Any bit sequence can be represented this way, and in this representation it is easy to identify whether it satisfies your constraint (exactly two occurences of "01")...

Once you do this, can you figure out how to count them?

 

[nille40]

Hi! Thanks for responding!

You seem to be on to something, there... I don't understand it though...

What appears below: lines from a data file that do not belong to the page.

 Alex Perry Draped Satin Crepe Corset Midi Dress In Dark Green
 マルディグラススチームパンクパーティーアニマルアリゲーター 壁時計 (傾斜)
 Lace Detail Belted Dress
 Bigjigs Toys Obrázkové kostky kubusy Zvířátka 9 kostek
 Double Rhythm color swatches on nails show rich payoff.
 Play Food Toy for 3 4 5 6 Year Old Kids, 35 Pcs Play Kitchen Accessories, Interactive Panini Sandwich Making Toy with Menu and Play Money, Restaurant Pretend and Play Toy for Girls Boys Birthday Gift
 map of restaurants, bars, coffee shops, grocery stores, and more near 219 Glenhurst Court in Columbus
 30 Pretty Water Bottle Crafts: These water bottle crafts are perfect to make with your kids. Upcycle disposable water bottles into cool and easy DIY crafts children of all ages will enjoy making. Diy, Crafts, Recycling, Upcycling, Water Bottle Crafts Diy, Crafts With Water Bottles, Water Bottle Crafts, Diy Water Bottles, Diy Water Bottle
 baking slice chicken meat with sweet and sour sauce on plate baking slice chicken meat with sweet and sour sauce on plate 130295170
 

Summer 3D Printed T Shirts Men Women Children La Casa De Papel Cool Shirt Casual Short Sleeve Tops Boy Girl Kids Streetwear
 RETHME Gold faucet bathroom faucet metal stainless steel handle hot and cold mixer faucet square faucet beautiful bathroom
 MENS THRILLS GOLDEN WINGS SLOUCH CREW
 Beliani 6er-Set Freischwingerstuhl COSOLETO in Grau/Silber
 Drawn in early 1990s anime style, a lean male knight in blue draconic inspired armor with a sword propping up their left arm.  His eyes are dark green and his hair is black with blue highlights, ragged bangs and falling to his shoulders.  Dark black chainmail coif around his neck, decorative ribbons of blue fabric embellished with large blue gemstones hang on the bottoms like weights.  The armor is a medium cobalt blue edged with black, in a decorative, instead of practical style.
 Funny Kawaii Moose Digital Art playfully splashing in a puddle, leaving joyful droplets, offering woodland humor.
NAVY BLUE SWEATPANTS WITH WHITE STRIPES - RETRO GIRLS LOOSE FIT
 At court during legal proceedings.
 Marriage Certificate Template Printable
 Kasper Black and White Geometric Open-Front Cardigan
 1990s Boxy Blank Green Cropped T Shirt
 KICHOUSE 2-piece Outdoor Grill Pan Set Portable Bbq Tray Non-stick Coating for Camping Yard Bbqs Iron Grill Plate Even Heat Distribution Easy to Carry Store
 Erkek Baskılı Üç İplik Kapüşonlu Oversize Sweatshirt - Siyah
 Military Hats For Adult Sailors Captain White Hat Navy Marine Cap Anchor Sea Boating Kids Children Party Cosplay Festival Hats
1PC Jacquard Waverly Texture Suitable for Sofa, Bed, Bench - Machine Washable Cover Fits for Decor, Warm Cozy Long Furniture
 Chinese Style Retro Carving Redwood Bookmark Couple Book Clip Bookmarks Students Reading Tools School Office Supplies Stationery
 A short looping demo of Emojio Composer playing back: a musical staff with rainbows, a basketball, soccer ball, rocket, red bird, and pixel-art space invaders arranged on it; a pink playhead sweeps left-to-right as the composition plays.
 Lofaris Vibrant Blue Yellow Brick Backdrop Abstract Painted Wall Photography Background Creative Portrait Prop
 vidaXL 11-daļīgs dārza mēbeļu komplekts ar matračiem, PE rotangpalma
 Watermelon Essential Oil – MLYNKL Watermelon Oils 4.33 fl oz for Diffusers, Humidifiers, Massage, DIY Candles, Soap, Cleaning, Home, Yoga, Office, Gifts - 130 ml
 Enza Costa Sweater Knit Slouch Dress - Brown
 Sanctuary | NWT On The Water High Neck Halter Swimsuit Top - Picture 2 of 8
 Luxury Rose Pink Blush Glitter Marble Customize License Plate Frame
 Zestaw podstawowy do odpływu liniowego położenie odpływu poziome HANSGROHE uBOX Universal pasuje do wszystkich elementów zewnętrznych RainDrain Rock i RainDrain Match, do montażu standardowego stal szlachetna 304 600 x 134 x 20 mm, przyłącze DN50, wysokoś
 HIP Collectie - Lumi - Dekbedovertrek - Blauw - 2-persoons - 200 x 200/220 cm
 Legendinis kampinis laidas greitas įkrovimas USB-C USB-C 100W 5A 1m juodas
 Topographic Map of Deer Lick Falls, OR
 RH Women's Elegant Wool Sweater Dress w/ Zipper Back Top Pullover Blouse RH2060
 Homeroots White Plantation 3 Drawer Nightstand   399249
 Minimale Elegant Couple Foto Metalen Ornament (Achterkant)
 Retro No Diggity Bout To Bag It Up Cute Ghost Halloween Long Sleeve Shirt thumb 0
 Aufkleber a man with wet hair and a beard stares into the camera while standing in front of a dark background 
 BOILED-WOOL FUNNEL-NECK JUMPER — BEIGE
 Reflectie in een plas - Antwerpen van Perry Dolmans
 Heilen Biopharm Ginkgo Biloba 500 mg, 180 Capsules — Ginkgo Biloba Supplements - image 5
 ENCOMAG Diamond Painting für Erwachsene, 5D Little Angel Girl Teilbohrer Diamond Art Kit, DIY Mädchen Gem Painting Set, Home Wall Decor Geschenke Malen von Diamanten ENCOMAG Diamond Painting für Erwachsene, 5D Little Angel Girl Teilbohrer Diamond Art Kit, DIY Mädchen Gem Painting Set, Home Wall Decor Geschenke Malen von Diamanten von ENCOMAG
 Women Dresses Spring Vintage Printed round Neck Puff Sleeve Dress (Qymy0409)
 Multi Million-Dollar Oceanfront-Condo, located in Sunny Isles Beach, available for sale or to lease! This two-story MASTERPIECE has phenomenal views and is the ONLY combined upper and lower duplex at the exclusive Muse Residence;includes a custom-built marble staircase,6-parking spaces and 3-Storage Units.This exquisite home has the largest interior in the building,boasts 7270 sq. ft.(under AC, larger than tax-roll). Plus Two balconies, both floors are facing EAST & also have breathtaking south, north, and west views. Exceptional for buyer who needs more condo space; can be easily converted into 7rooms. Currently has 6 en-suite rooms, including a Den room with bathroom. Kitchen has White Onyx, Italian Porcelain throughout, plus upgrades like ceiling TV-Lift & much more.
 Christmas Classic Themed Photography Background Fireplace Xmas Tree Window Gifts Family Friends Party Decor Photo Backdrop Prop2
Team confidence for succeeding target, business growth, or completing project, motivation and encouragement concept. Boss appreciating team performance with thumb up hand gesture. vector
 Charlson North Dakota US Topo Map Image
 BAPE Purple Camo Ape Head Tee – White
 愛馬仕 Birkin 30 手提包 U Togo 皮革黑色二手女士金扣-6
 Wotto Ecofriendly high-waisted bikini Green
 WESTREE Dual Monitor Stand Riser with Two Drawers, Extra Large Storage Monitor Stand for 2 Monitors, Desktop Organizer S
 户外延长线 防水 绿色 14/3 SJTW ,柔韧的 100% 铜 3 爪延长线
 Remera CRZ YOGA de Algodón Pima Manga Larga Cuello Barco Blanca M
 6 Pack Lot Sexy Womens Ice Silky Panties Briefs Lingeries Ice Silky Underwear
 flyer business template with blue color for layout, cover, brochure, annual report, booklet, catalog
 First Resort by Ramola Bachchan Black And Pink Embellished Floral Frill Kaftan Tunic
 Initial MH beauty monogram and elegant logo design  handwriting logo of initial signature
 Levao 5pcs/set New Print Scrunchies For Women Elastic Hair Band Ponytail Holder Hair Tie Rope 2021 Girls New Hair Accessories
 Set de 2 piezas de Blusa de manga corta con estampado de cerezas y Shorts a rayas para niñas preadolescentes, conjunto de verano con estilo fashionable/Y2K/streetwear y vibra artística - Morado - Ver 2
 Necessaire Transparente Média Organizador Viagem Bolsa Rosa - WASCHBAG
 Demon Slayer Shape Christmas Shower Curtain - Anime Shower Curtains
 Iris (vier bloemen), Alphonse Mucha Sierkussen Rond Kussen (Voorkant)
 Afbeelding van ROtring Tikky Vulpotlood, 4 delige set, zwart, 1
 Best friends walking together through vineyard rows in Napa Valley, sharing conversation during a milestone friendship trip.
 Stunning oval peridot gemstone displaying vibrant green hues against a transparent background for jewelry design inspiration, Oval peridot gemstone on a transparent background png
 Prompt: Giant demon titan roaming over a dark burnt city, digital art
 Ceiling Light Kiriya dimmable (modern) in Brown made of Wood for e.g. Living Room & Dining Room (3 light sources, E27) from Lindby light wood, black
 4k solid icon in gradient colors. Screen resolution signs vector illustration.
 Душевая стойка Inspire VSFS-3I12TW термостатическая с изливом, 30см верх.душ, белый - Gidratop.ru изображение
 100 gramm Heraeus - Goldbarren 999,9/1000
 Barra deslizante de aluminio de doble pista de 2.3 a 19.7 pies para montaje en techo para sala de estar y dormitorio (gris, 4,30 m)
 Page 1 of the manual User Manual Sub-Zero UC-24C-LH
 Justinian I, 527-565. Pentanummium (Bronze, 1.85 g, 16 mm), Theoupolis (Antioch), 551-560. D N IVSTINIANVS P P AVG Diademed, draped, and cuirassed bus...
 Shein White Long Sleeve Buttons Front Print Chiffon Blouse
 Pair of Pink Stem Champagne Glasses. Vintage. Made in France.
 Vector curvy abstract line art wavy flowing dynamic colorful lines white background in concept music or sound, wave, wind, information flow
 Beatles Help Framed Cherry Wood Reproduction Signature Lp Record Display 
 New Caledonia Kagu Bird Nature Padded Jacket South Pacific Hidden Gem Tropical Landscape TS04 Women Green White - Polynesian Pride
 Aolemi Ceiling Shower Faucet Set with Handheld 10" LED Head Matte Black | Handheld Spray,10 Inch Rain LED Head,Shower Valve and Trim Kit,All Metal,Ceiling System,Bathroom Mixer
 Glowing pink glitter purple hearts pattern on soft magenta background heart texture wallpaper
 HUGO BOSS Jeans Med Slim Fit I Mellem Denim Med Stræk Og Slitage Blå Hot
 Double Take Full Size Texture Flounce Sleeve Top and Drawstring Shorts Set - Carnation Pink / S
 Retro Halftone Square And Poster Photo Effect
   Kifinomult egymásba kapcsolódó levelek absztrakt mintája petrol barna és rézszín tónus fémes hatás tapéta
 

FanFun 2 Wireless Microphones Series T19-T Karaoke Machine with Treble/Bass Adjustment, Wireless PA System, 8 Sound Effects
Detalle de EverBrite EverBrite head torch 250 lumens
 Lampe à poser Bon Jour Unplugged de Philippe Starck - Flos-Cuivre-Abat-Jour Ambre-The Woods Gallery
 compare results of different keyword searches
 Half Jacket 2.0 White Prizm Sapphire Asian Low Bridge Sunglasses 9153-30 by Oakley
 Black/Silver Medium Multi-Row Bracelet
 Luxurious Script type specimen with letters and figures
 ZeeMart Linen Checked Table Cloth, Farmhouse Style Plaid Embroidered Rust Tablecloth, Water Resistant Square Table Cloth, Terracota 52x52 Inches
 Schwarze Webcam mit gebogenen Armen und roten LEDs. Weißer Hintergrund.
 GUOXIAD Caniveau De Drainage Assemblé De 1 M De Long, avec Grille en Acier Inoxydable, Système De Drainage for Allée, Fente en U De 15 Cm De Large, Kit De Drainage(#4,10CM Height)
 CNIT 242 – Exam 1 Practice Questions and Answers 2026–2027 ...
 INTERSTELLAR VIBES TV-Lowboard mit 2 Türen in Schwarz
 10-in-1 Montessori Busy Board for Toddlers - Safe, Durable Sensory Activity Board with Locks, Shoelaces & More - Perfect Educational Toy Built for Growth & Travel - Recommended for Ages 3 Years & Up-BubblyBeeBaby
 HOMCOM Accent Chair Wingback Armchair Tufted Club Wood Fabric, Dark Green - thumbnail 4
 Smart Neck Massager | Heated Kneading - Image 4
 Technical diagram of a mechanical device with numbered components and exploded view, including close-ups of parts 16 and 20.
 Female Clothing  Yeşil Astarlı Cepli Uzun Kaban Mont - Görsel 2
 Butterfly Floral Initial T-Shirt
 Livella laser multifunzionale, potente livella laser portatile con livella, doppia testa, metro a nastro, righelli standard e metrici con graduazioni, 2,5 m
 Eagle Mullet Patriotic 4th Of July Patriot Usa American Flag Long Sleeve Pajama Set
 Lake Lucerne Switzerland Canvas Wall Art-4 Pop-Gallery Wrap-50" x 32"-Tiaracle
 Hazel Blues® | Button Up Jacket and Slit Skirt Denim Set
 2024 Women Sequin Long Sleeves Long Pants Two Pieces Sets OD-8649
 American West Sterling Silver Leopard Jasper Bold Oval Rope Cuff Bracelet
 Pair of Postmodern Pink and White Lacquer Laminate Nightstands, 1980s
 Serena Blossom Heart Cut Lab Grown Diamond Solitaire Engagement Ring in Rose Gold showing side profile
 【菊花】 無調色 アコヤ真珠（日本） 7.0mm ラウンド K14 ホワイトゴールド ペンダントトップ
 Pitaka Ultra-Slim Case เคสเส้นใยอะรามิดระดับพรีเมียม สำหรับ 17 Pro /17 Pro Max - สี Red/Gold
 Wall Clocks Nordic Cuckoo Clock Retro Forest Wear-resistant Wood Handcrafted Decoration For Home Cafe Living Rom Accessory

The answer is this (not my solution):
First there's a string of 1:s, of length $$x_1$$, then a string of 0:s, $$x_2$$, $$x_3$$ 1:s, $$x_4$$ 0:s, $$x_5$$ 1:s, and finally $$x_6$$ 0:s. The part with $$x_2$$ 0:s and $$x_3$$ 1:s garantuees a "01", and the part with $$x_4$$ 0:s and $$x_5$$ 1:s garantuees the next "01". Since the length is supposed to be 10, this yields the equation

$$x_1+x_2+x_3+x_4+x_5+x_6=10$$

The $$x_1$$ first 1:s and the $$x_6$$ last 0:s is just filling (??). Another way to put it is the number of integral solutions the equation has. By letting $$x_2 = y_2 + 1, x_3 = y_3 + 1, x_4 = y_4 + 1, x_5 = y_5 + 1$$, we get the equation

$$x_1 + y_2 + y_3 + y_4 + y_5 + x_6 = 6$$

and the problem can be stated as the number of integral solutions to the above equation. According to the formula for unorganized selection with repetition, the number of solutions is

$${11 \choose 5}$$

English isn't my native language, so the lingo might be wrong. I hope it's not to fuzzy.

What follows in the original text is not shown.